Edurne Portela was a professor of Latin American literature and specialized in the Argentinian novel on the Dirty War. Then she quit her job and became a full-time writer. This is important because her novel Mejor la ausencia is extraordinary similar – in terms of the plot, the narrative style, the protagonist, the choppy sentences that drive me nuts – to a novel on the Argentinian Dirty War by novelist Paula Varsavsky.

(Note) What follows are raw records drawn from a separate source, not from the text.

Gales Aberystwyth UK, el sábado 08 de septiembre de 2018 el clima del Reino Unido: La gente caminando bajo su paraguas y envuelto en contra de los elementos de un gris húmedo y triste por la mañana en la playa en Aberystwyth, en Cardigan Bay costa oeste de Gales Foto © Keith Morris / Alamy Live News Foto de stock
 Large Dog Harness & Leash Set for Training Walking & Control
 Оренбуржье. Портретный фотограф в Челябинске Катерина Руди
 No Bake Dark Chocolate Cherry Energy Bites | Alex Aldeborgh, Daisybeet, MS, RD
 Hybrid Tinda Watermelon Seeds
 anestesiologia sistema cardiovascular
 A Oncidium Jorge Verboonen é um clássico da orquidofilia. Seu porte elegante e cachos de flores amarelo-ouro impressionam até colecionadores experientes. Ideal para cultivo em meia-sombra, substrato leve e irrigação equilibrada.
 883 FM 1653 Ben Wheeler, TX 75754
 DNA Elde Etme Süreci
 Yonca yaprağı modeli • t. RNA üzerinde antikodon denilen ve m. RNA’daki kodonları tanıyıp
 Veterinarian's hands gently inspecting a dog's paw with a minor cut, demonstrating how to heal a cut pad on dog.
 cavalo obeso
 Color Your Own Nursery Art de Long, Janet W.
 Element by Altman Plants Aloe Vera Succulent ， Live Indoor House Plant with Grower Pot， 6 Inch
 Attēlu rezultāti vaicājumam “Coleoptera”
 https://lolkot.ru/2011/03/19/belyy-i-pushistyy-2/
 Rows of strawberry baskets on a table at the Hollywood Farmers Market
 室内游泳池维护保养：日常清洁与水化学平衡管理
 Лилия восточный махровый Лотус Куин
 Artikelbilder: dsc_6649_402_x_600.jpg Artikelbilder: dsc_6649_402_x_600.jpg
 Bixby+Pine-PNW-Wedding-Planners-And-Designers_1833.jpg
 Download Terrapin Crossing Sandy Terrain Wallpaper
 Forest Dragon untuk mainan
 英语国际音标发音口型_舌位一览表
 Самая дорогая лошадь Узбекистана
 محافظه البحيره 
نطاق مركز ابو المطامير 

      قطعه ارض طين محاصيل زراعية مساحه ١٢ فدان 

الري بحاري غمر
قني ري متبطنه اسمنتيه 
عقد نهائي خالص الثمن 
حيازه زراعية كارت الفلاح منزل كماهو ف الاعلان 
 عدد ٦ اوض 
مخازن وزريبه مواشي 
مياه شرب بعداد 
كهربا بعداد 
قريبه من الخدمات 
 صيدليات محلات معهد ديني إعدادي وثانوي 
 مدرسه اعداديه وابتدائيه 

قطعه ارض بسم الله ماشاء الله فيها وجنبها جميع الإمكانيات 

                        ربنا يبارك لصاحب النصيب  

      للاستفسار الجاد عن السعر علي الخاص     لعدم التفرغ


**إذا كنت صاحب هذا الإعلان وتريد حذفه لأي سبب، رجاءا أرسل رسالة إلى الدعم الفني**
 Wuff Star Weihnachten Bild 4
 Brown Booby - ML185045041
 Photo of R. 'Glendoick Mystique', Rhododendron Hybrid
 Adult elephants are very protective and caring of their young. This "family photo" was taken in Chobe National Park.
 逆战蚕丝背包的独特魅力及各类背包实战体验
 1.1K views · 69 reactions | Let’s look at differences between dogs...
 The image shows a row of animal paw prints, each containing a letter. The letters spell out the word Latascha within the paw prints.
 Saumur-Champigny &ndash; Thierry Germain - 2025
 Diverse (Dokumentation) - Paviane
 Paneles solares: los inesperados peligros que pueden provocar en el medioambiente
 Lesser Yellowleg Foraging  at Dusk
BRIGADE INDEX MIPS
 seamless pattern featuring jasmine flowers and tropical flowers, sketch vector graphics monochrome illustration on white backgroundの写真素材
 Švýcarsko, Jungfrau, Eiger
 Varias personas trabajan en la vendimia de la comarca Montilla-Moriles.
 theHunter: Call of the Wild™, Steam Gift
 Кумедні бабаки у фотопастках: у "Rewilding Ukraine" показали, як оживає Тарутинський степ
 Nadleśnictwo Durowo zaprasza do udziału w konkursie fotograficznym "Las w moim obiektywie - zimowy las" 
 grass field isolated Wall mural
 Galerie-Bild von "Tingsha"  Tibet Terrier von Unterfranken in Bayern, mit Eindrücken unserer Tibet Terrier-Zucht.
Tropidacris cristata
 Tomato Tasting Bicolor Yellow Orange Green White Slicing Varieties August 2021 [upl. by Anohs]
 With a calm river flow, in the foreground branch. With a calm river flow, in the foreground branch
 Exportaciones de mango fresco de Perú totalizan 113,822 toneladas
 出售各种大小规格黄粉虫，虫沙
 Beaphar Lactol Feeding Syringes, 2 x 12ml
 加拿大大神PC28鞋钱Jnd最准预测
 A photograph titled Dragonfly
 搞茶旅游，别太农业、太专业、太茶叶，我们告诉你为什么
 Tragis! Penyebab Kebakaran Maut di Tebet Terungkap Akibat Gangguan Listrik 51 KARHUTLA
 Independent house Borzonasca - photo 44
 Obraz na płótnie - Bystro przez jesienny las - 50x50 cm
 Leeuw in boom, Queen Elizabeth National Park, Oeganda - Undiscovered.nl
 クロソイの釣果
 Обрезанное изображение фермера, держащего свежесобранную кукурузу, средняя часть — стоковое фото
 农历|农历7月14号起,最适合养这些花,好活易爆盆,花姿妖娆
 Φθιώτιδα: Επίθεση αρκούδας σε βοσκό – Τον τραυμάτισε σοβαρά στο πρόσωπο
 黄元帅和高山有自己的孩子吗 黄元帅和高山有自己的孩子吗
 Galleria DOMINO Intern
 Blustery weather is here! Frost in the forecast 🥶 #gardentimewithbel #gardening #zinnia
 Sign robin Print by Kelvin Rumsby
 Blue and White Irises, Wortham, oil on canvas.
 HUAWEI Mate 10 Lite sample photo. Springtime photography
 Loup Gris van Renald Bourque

Like Varsavsky’s Nadie alzaba la voz, Portela’s novel is a Bildungsroman and a very conventional one. The protagonist is entitled, immature, self-infantilizing and lacking in insight to a degree one usually only expects to see mentally disabled people. What makes the novel attractive in spite of all this are hints at the presence of ETA somewhere around the plot. The idea that the novel promotes is that nationalist terrorism is a result of individual psychopathologies. 

I’m inured to the protagonists of contemporary female Bildungsromane, so I enjoyed the novel. I warn you, though, you might go loopy the first couple of times you meet all these Lulus, Natalias, and Beatrices who comprehend and describe their reality worse than a regular 3-year-old and pretend to be cute little girls in pigtails well past the age of thirty.

A good novel, though, seriously. I hope it gets translated.